People like to dream about having an “independent regulatory agency” that solves the problems in a given sector of the economy. In reality, the agencies create new problems and are rarely independent from the industry they are intended to regulate. It is commonplace for special interest groups to use lobbyists to gain control of their own industry’s regulation. This failure where interests group seizes control of a governmental power is called “regulatory capture.”
This has happened in the financial sector. As the Project on Government Oversight reported in 2013 , “A revolving door blurs the lines between one of the nation’s most important regulatory agencies and the interests it regulates. Former employees of the Securities and Exchange Commission (SEC) routinely help corporations try to influence SEC rulemaking, counter the agency’s investigations of suspected wrongdoing, soften the blow of SEC enforcement actions, block shareholder proposals, and win exemptions from federal law.”
This also happened with the food regulation, where the sway factory-farmed lobbyists exert over regulatory agencies have corrupted the definitions of grass-fed, free range, organic, and more to the detriment of the public. And the healthcare industry is riddled with regulation that favors medical suppliers over doctors and doctors over patients.
Regulatory capture is a net loss for society as a whole. It is worse than having no regulation at all. The lobbyists take an agency intended to protect the interest of the public and instead use the power of that agency to squash their competition and dominate the industry. Often, these economic giants are the very companies the regulation was intended to place a check on.

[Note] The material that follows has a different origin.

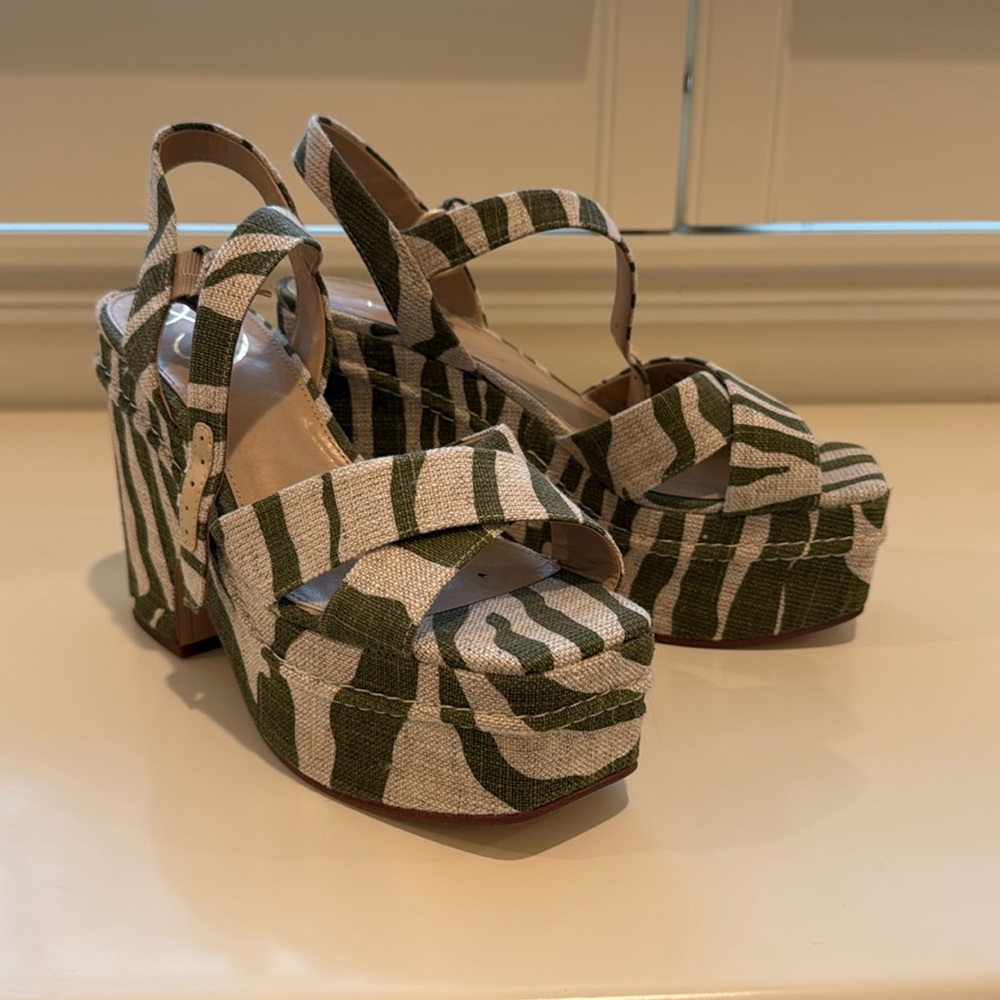 Sam Edelman Trianna Green Zebra Linen Platform Sandal - Picture 4 of 5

Regulatory capture normally occurs when the public has a small stake in or little understanding of the issues. As a result, we set up the agency and then ignore it, leaving it vulnerable to groups who have a large stake to take it over. There is no easy fix to this. Those who work in the industry will always better know how to manipulate the regulation than the central planners trying to regulate them.

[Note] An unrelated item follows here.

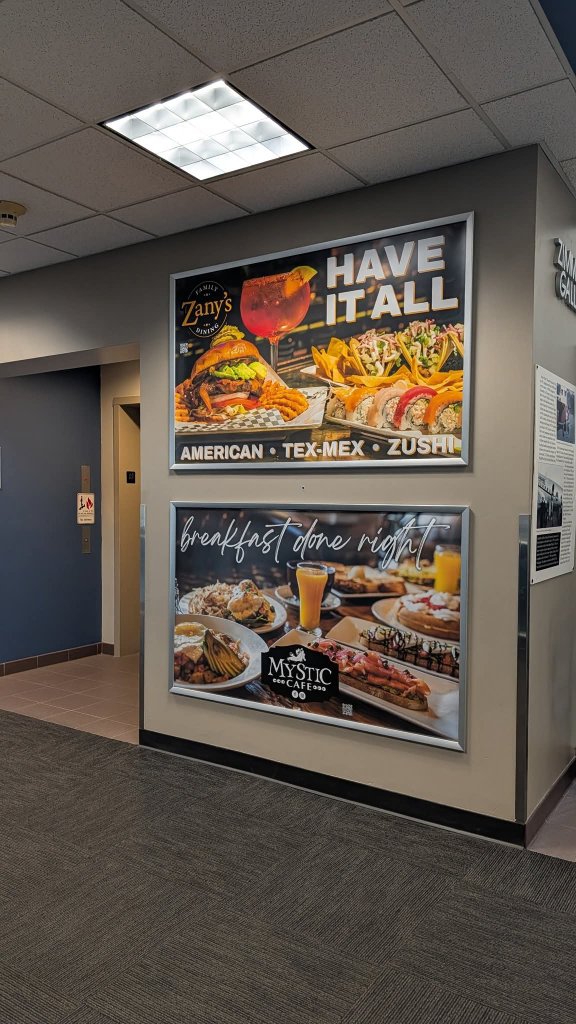 Airport Advertising — Zany's & Mystic Cafe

Most regulation gets captured at some point though. Businesses have an incentive to control anything that would otherwise have power over them, from governmental powers to the media to academia. The idea that businesses capture more than just regulatory powers is called “deep capture.”
It is as Woodrow Wilson said while in office as the 28th President of the United States in his speech “The New Freedom”:
Suppose you go to Washington and try to get at your government. You will always find that while you are politely listened to, the men really consulted are the men who have the biggest stake,—the big bankers, the big manufacturers, the big masters of commerce, the heads of railroad corporations and of steamship corporations. I have no objection to these men being consulted, because they also, though they do not themselves seem to admit it, are part of the people of the United States. But I do very seriously object to these gentlemen being chiefly consulted, and particularly to their being exclusively consulted, for, if the government of the United States is to do the right thing by the people of the United States, it has got to do it directly and not through the intermediation of these gentlemen. Every time it has come to a critical question these gentlemen have been yielded to, and their demands have been treated as the demands that should be followed as a matter of course.
The government of the United States at present is a foster-child of the special interests. It is not allowed to have a will of its own. It is told at every move: “Don’t do that; you will interfere with our prosperity.” And when we ask, “Where is our prosperity lodged?” a certain group of gentlemen say, “With us.”
On Tuesday, May 8, 2018, David John Marotta appeared on Radio 1070 WINA’s Schilling Show to discuss regulatory capture, why regulation does more harm than good, and what we could do about it.
Listen to the audio here:
Some highlights from the show:
- The Rise of the Regulatory State: “The intentions matter more than the incentives do.”
- Student Aid actually benefits colleges more than students.
- Regulations cannot ever be made smart enough. They just are bad for society.